Getting into the habit of paying annual fees on credit cards, when they’re worthwhile, is a natural part of progressing from a beginner Miles & Points collector to a more advanced user.
However, there’s undeniably a bit of a mental block that needs to be overcome at the start in order to get “comfortable” with paying significant sums of money for the privilege of getting a credit card.
In this article, we’ll look at many of the reasons why it’s worthwhile to pay annual fees as you seek to earn points, and what steps can be taken to soften the blow and make the higher outlays easier to swallow.
The Points Outweigh the Cost
The general principle is that credit card annual fees are easily justifiable if it’s outweighed by what you receive in exchange on the card, which usually takes the form of a generous signup bonus.
The two most noteworthy credit cards in our space with high annual fees are probably the American Express Business Platinum Card and the American Express Platinum Card.
The former comes with an annual fee of $499, which you pay upfront on the first statement, while the latter has an even higher price tag of $699, although the $200 annual travel credit (which can be converted to cash) brings that down to a net $499 as well.
100,000 MR points
90,000 MR points
So, you’ll find yourself at least $499 out-of-pocket in applying for each of these cards. What do you get in return?
The first factor to consider is the amount of the welcome bonus, including the number of points you’d earn from meeting the minimum spending requirement (if any).
If you were to, say, redeem the points for travel in a premium cabin, you’d likely be unlocking a significant amount of value, which could be much higher than what our Points Valuations might predict.
But perhaps you aren’t quite certain what you’ll be willing or able to redeem them for in the future.
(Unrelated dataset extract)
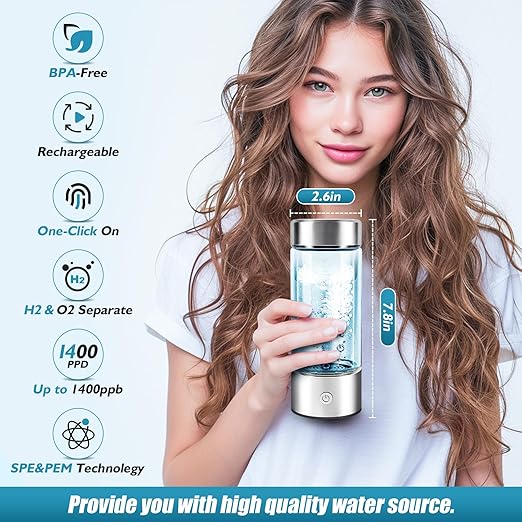 Hydrogen Water Bottle, Hydrogen Water Bottle Generator 3rd gen, Quick Electrolysis of 2000PPB Alkaline Hydrogen Water, Gift Packaging, silver, QSB001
It might therefore be more useful to think about the minimum value of the welcome bonus.
For example, if a welcome bonus on one of the cards is 100,000 American Express Membership Rewards points, you’d be getting at least $1,000 of value from the welcome bonus if you were to redeem them for a statement credit at 1 cent per point (cpp).
When you factor in the net annual fee, you’re coming out at least $501 ahead, which is pretty good.
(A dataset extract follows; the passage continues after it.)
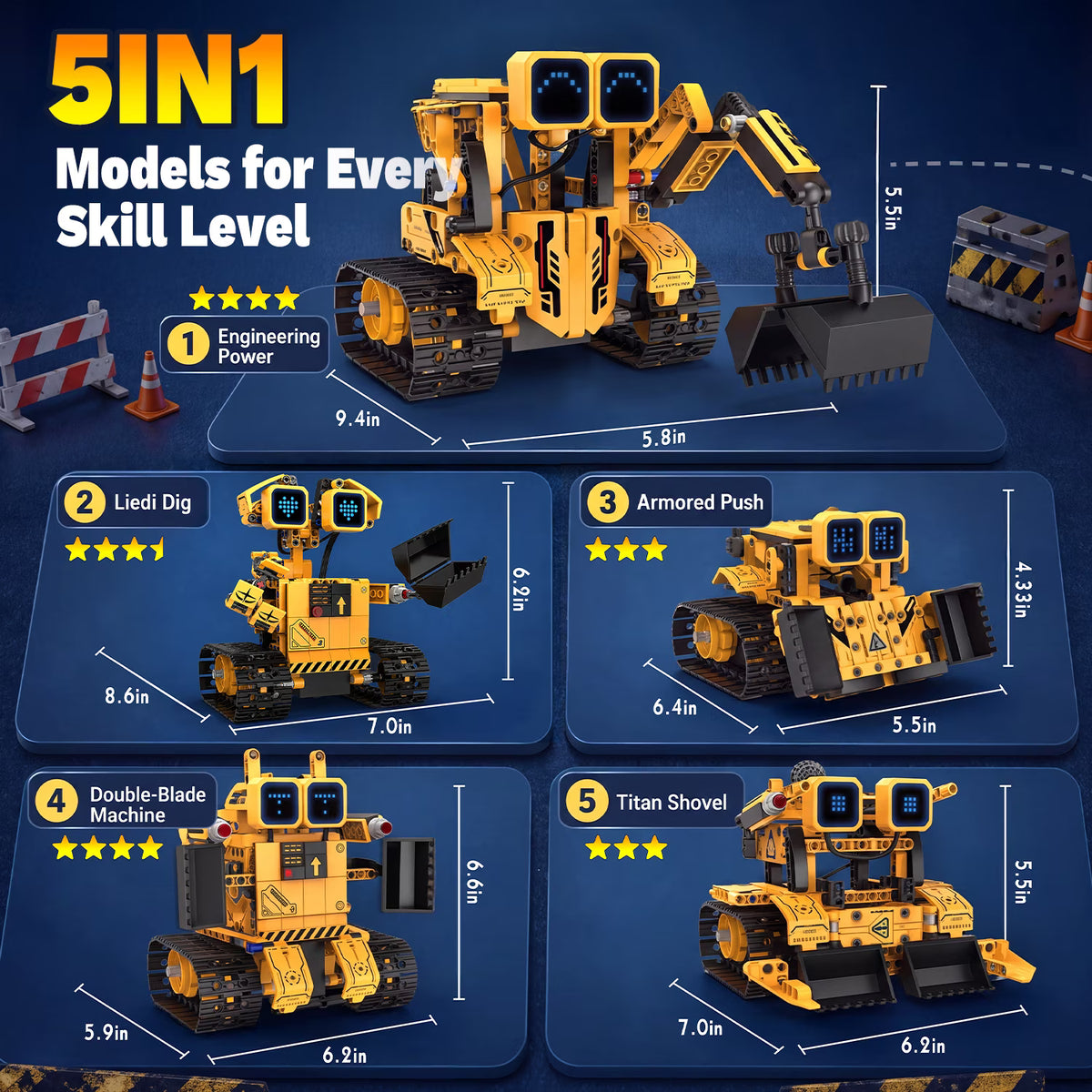 5-in-1 Robot Building Kit Toys for Kids Ages 8-12, STEM Coding Educational Toys with APP Remote Control, Engineering Construction Robot, Birthday Gift for Boys Ages 8-12.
Of course, you can certainly redeem them at a much higher value by transferring them to airline partners; however, for this exercise, we’re more so focused on the minimum value to err on the side of caution.
Perks and Benefits
Looking at the signup bonus alone, you’re already coming out ahead – but what about all the other perks that come with a credit card?
Thinking again about the American Express Platinum Card and the Business Platinum Card by American Express, both offer unlimited lounge access, which is something many frequent flyers never travel without.
Lounges are invaluable to anyone who appreciates a place to relax, eat, and catch up on work before a flight, no matter which class of service they’ve booked.
Everyone will value lounge access differently depending on how often they travel, but there’s no doubt that the lounge access benefit is a net positive on any credit card, which builds upon the value provided by the signup bonus to make the annual fees well worth paying.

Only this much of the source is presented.